* WORK TO COMPLETE
Output every entry exactly as written, but omit the pictures.

* AVAILABLE DATA
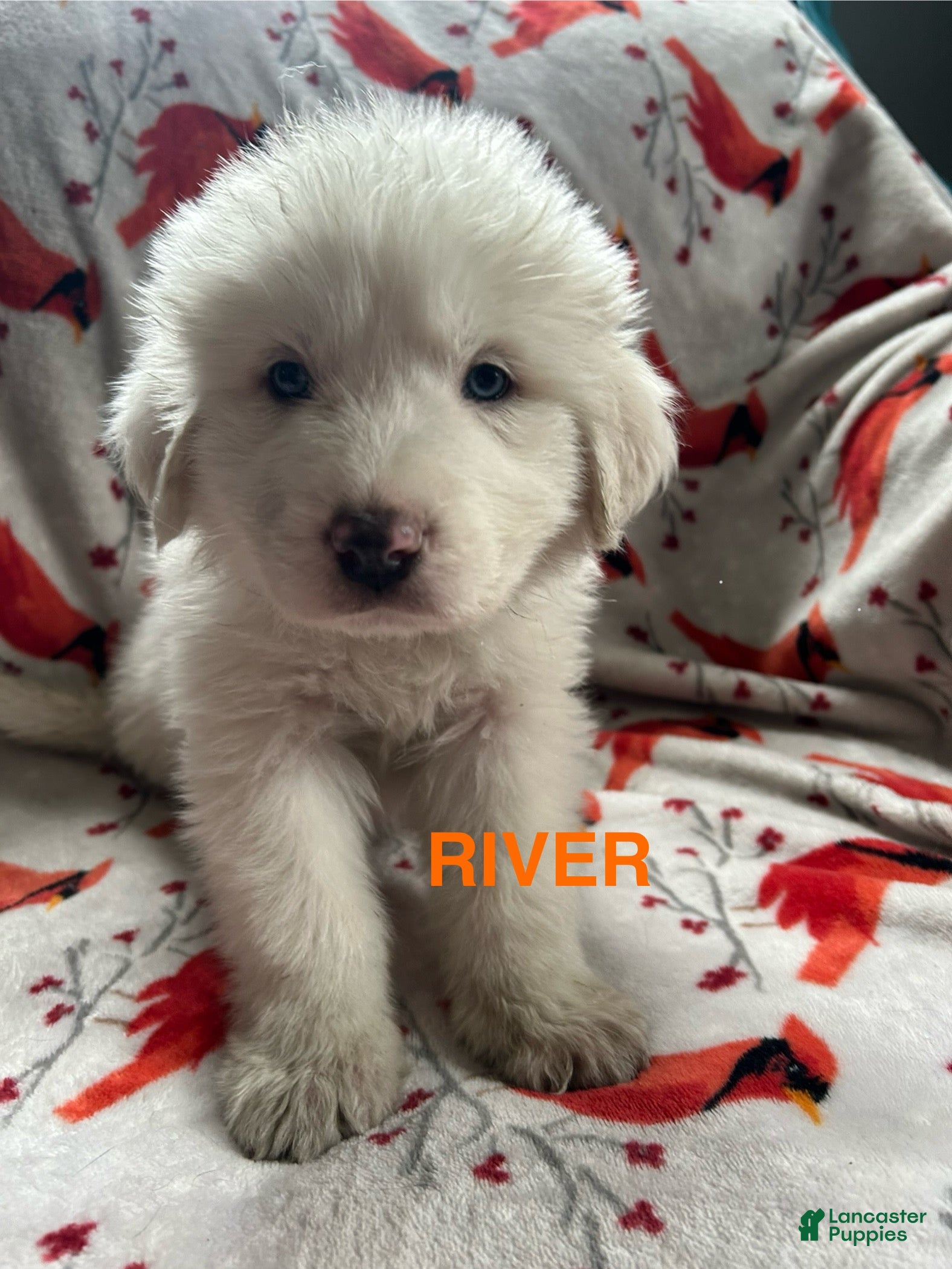 Great Pyrenees dogs River - Ad 34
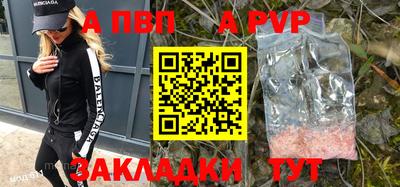 spice Кингисепп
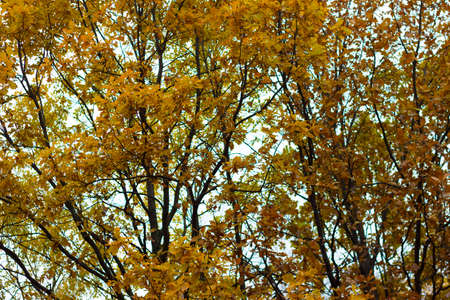 Trees in autumn park with yellow leavesの写真素材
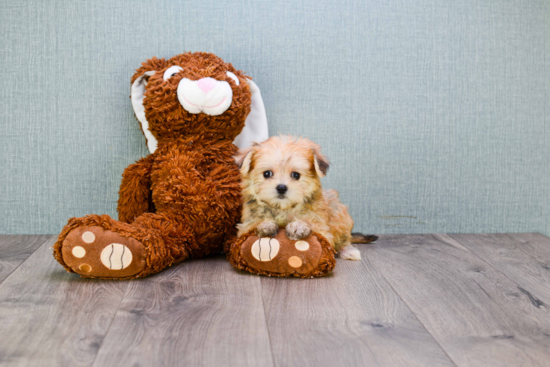 Best Morkie Baby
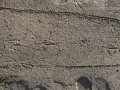 Vulture Tracks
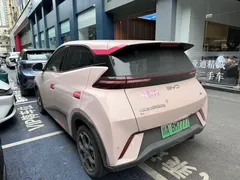 2024 BYD Seagull EV Glory 405km Flying — фото 8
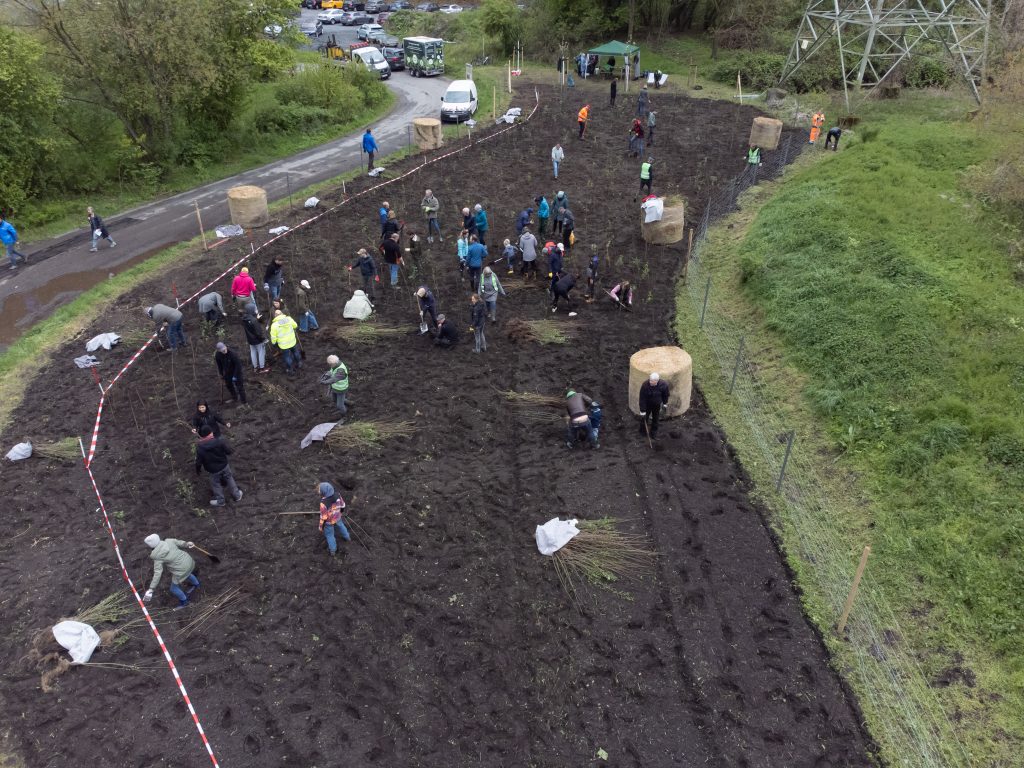 Baumpflanzung Quickborn, Citizens Forests, Foto: Sebastian Kranz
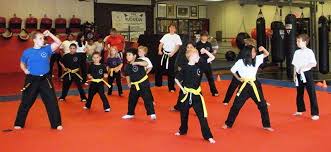 Image result for Blackpool Budokan Martial Arts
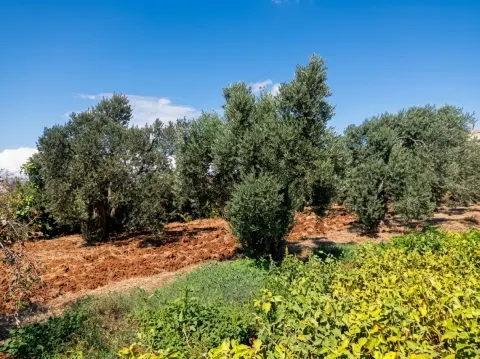 ترس از سرقت، برداشت زودهنگام زیتون در حمص را افزایش داد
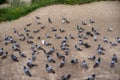 Group of pigeons in shades of grey and white standing and walking on soil ground floor, pigeon valley Royalty Free Stock Photo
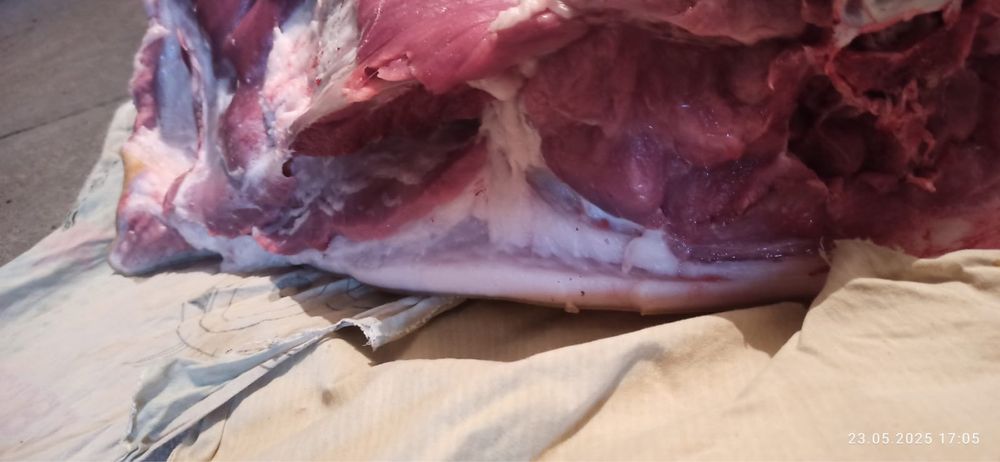 Продаем домашнее мясо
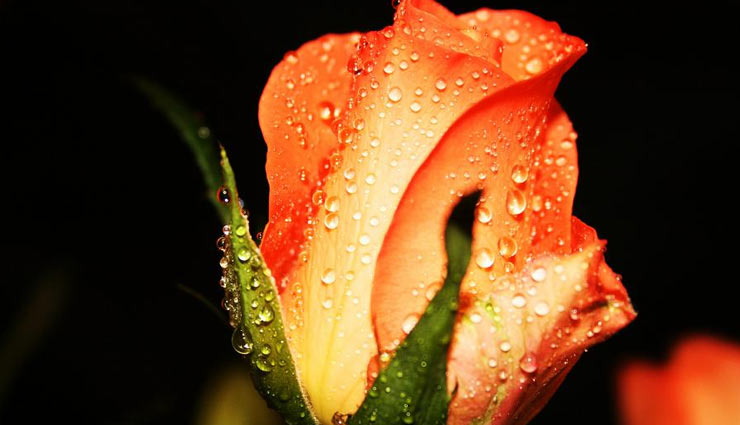 valentines day,valentines week,rose day,roses,color of roses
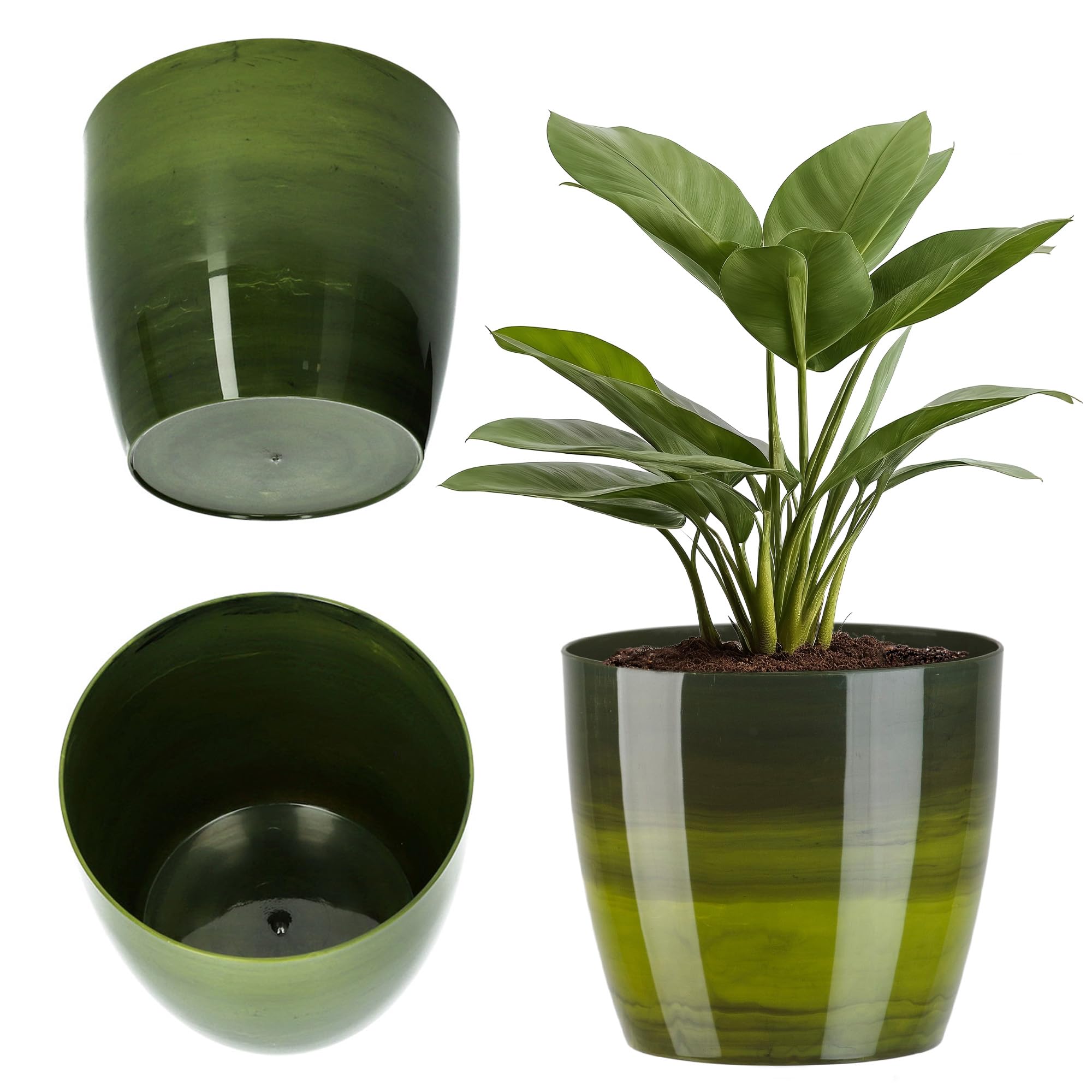 KADAX Maceta con Plato y Plato para Cactus, helechos (30 cm, Rosa) — view 15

* RESPONSE BOX
 Great Pyrenees dogs River - Ad 34
 spice Кингисепп
 Trees in autumn park with yellow leavesの写真素材
 Best Morkie Baby
 Vulture Tracks
 2024 BYD Seagull EV Glory 405km Flying — фото 8
 Baumpflanzung Quickborn, Citizens Forests, Foto: Sebastian Kranz
 Image result for Blackpool Budokan Martial Arts
 ترس از سرقت، برداشت زودهنگام زیتون در حمص را افزایش داد
 Group of pigeons in shades of grey and white standing and walking on soil ground floor, pigeon valley Royalty Free Stock Photo
 Продаем домашнее мясо
 valentines day,valentines week,rose day,roses,color of roses
 KADAX Maceta con Plato y Plato para Cactus, helechos (30 cm, Rosa) — view 15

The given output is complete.